EXERCISE OBJECTIVE: Copy exactly the line containing "a hunter in" and all the lines that follow it to the end of the records, minus the pictures.

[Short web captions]
/---
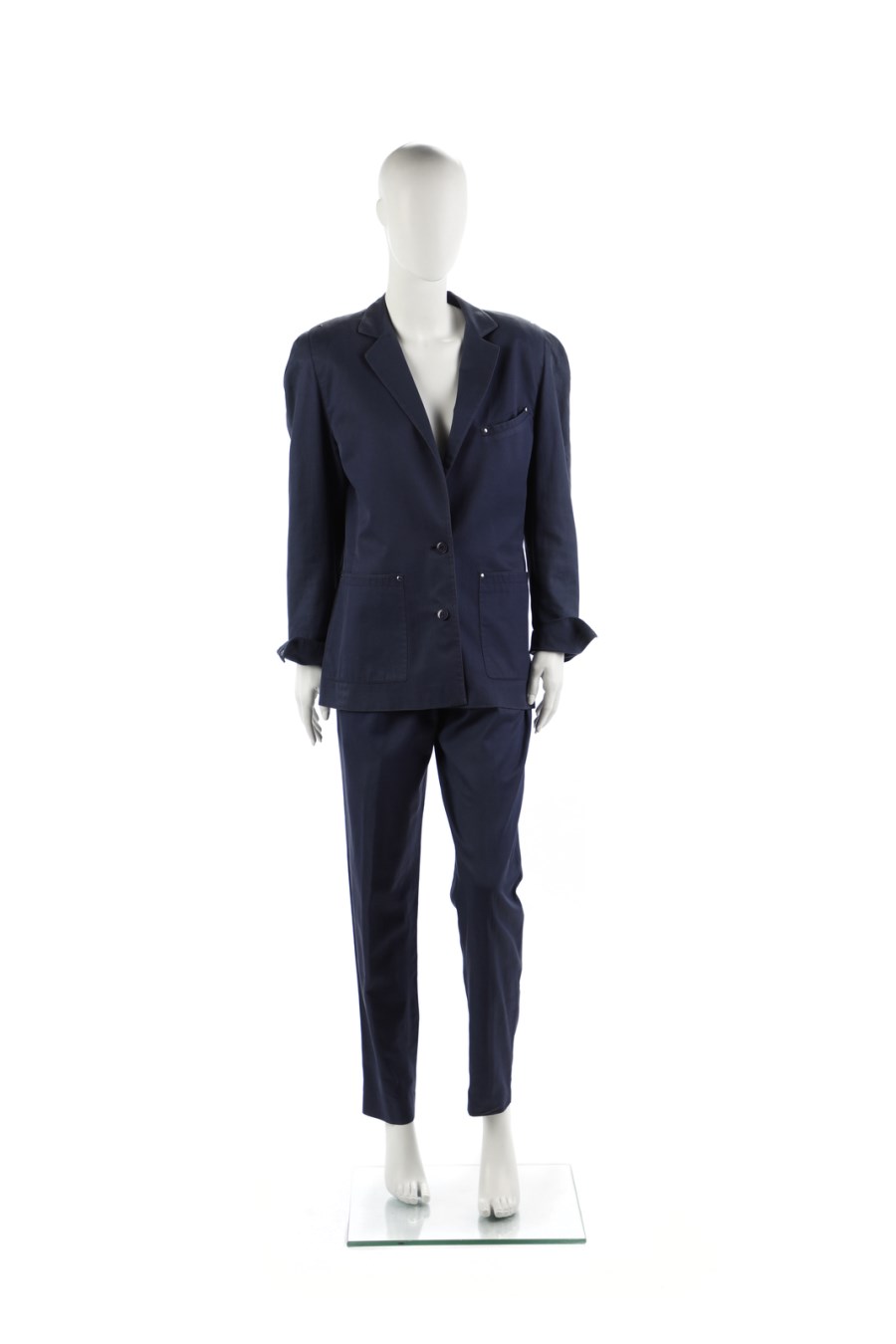 Blue two piece suit with jacket and trousers. (Claude Montana)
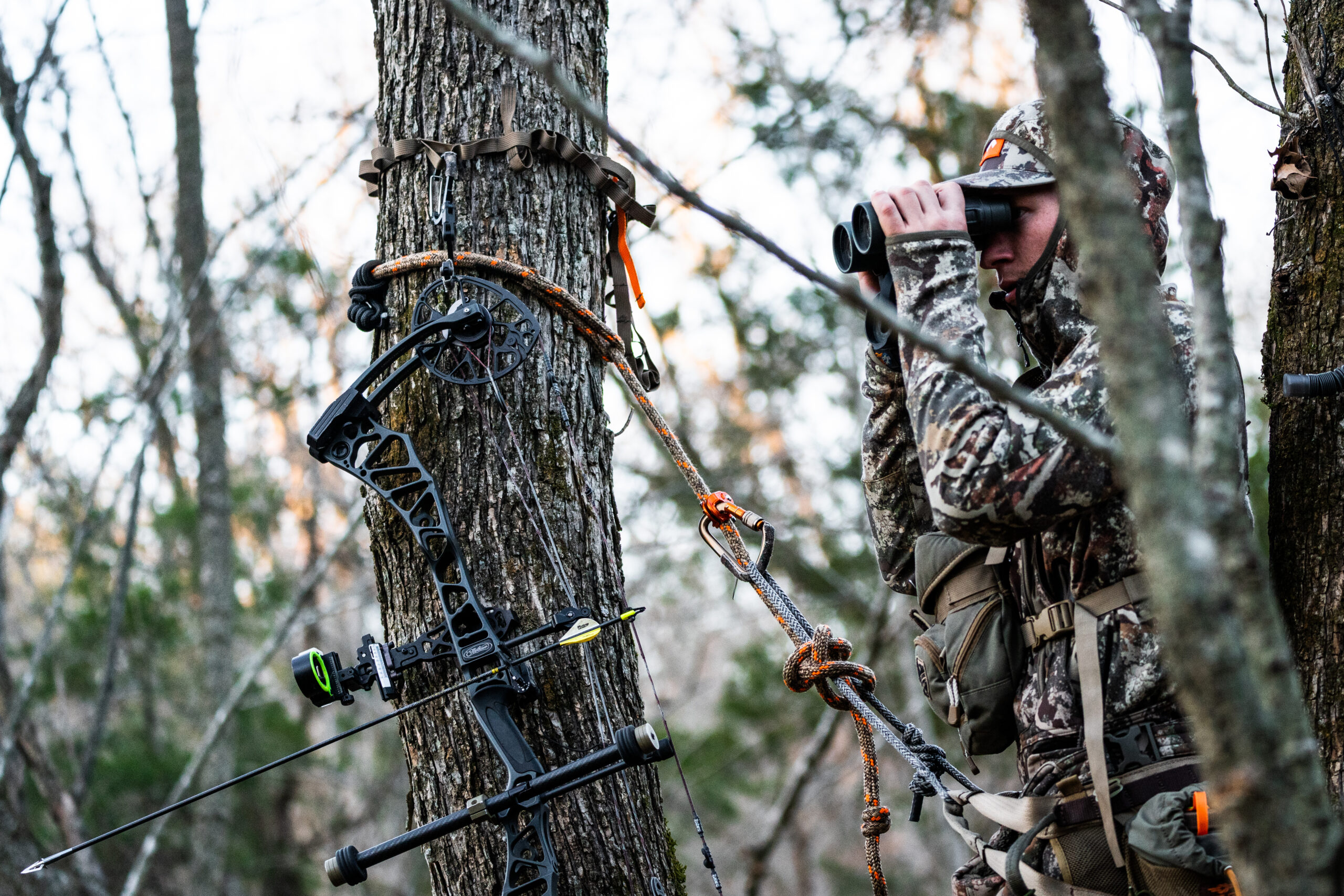 a hunter in full camo in a tree saddle with binoculars and a bow 
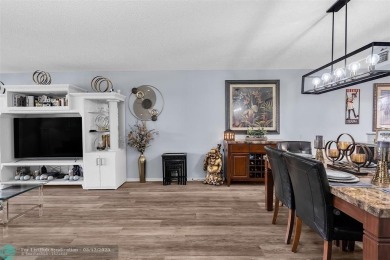 UPDATED & MOVE-IN READY! Turnkey in Portofino at Wynmoor with on Wynmoor Golf Course in Florida - for sale on GolfHomes.com, golf home, golf lot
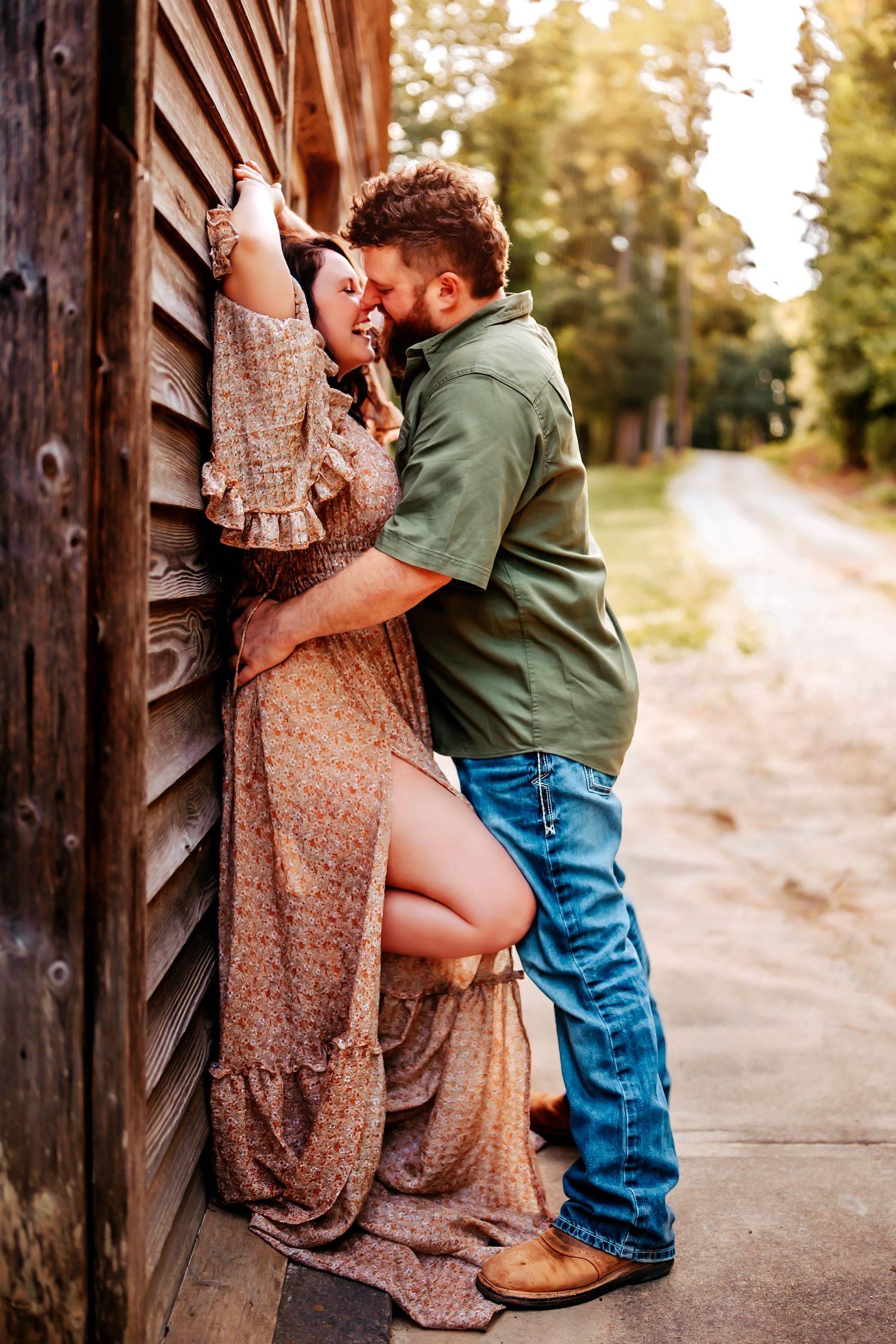 A couple shares an intimate moment outdoors, with her in a floral dress and him in denim against an urban backdrop.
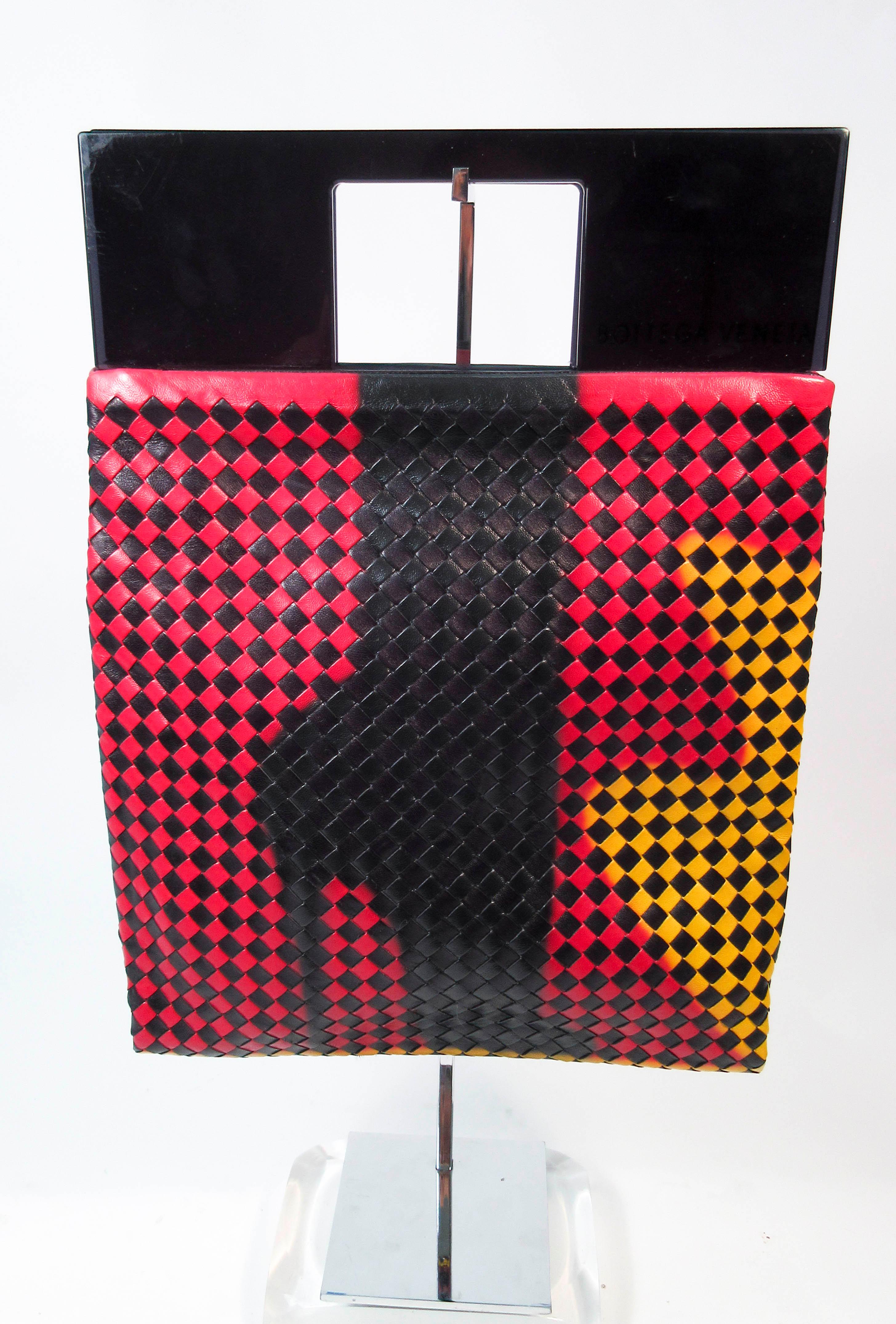 This Bottega Veneta purse is composed of a beautiful black, yellow, and red woven leather with a high heel design. Features a shopper shape with a plastic upper frame and suede lining. There is an interior zipper pocket. In excellent almost new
\---
WRITTEN ANSWER:
 a hunter in full camo in a tree saddle with binoculars and a bow 
 UPDATED & MOVE-IN READY! Turnkey in Portofino at Wynmoor with on Wynmoor Golf Course in Florida - for sale on GolfHomes.com, golf home, golf lot
 A couple shares an intimate moment outdoors, with her in a floral dress and him in denim against an urban backdrop.
 This Bottega Veneta purse is composed of a beautiful black, yellow, and red woven leather with a high heel design. Features a shopper shape with a plastic upper frame and suede lining. There is an interior zipper pocket. In excellent almost new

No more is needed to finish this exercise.